Let’s load again Mice data:
## clear memory
rm(list = ls())
## load data
Mice=read.table("http://edu.sablab.net/data/txt/mice.txt",header=T,sep="\t")
str(Mice)
## 'data.frame': 790 obs. of 14 variables:
## $ ID : int 1 2 3 368 369 370 371 372 4 5 ...
## $ Strain : Factor w/ 40 levels "129S1/SvImJ",..: 1 1 1 1 1 1 1 1 1 1 ...
## $ Sex : Factor w/ 2 levels "f","m": 1 1 1 1 1 1 1 1 1 1 ...
## $ Starting.age : int 66 66 66 72 72 72 72 72 66 66 ...
## $ Ending.age : int 116 116 108 114 115 116 119 122 109 112 ...
## $ Starting.weight : num 19.3 19.1 17.9 18.3 20.2 18.8 19.4 18.3 17.2 19.7 ...
## $ Ending.weight : num 20.5 20.8 19.8 21 21.9 22.1 21.3 20.1 18.9 21.3 ...
## $ Weight.change : num 1.06 1.09 1.11 1.15 1.08 ...
## $ Bleeding.time : int 64 78 90 65 55 NA 49 73 41 129 ...
## $ Ionized.Ca.in.blood : num 1.2 1.15 1.16 1.26 1.23 1.21 1.24 1.17 1.25 1.14 ...
## $ Blood.pH : num 7.24 7.27 7.26 7.22 7.3 7.28 7.24 7.19 7.29 7.22 ...
## $ Bone.mineral.density: num 0.0605 0.0553 0.0546 0.0599 0.0623 0.0626 0.0632 0.0592 0.0513 0.0501 ...
## $ Lean.tissues.weight : num 14.5 13.9 13.8 15.4 15.6 16.4 16.6 16 14 16.3 ...
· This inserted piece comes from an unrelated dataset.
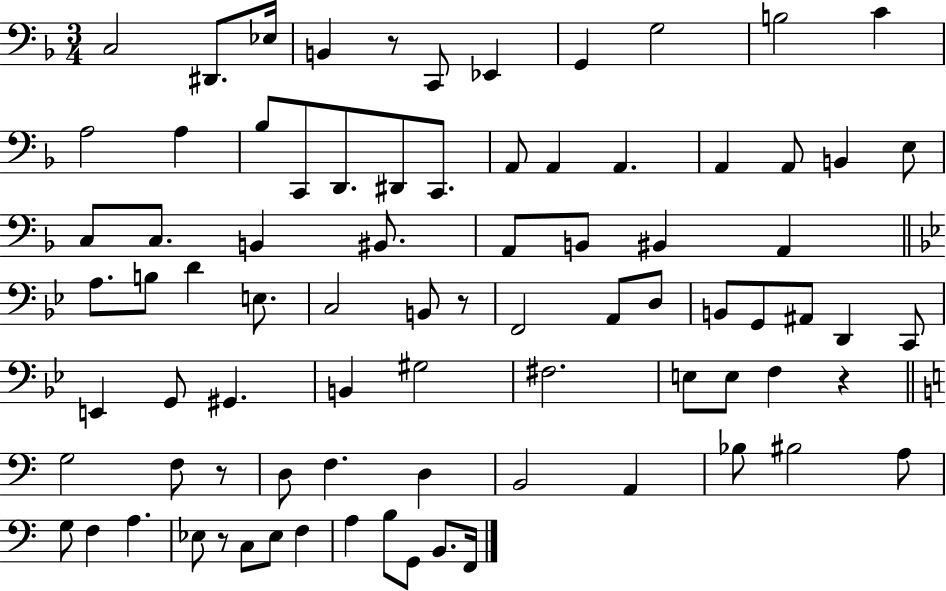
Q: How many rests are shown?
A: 5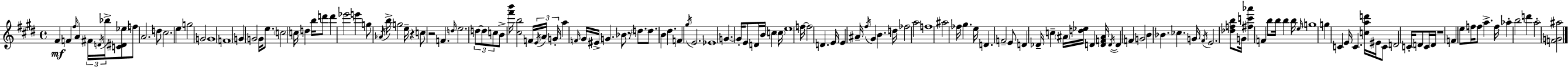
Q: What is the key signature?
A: E major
## $ Fat.weight : num 4.4 4.4 2.9 4.2 4.3 4.3 5.4 4.1 3.2 5.2 ...
summary(Mice)
## ID Strain Sex Starting.age
## Min. : 1.0 C57BR/cdJ : 28 f:396 Min. :46.00
## 1st Qu.: 310.2 MA/MyJ : 23 m:394 1st Qu.:64.00
## Median : 537.5 CAST/EiJ : 21 Median :66.00
## Mean : 526.8 A/J : 20 Mean :66.21
## 3rd Qu.: 799.8 BTBR_T+_tf/J: 20 3rd Qu.:71.00
## Max. :1012.0 C3H/HeJ : 20 Max. :82.00
## (Other) :658
## Ending.age Starting.weight Ending.weight Weight.change
## Min. : 93.0 Min. : 8.70 Min. :10.00 Min. :0.000
## 1st Qu.:109.0 1st Qu.:17.20 1st Qu.:18.80 1st Qu.:1.059
## Median :114.0 Median :21.20 Median :23.50 Median :1.105
## Mean :114.3 Mean :21.38 Mean :23.69 Mean :1.107
## 3rd Qu.:119.0 3rd Qu.:25.38 3rd Qu.:28.10 3rd Qu.:1.164
## Max. :140.0 Max. :39.10 Max. :49.60 Max. :2.109
## NA's :2
## Bleeding.time Ionized.Ca.in.blood Blood.pH Bone.mineral.density
## Min. : 14 Min. :1.000 Min. :6.810 Min. :0.03980
## 1st Qu.: 43 1st Qu.:1.200 1st Qu.:7.160 1st Qu.:0.04860
## Median : 55 Median :1.240 Median :7.200 Median :0.05300
## Mean : 61 Mean :1.237 Mean :7.199 Mean :0.05331
## 3rd Qu.: 73 3rd Qu.:1.280 3rd Qu.:7.250 3rd Qu.:0.05785
## Max. :522 Max. :1.410 Max. :7.430 Max. :0.07140
## NA's :30 NA's :2 NA's :2 NA's :3
## Lean.tissues.weight Fat.weight
## Min. : 7.30 Min. : 1.800
## 1st Qu.:13.80 1st Qu.: 3.500
## Median :17.30 Median : 4.800
## Mean :17.27 Mean : 6.073
## 3rd Qu.:20.85 3rd Qu.: 7.500
## Max. :29.90 Max. :23.300
## NA's :3 NA's :3
## mean and median. We should exclude NA from consideration
mn = mean(Mice$Ending.weight, na.rm=T)
md = median(Mice$Ending.weight, na.rm=T)
## for mode you should add a library:
library(modeest)
##
## This is package 'modeest' written by P. PONCET.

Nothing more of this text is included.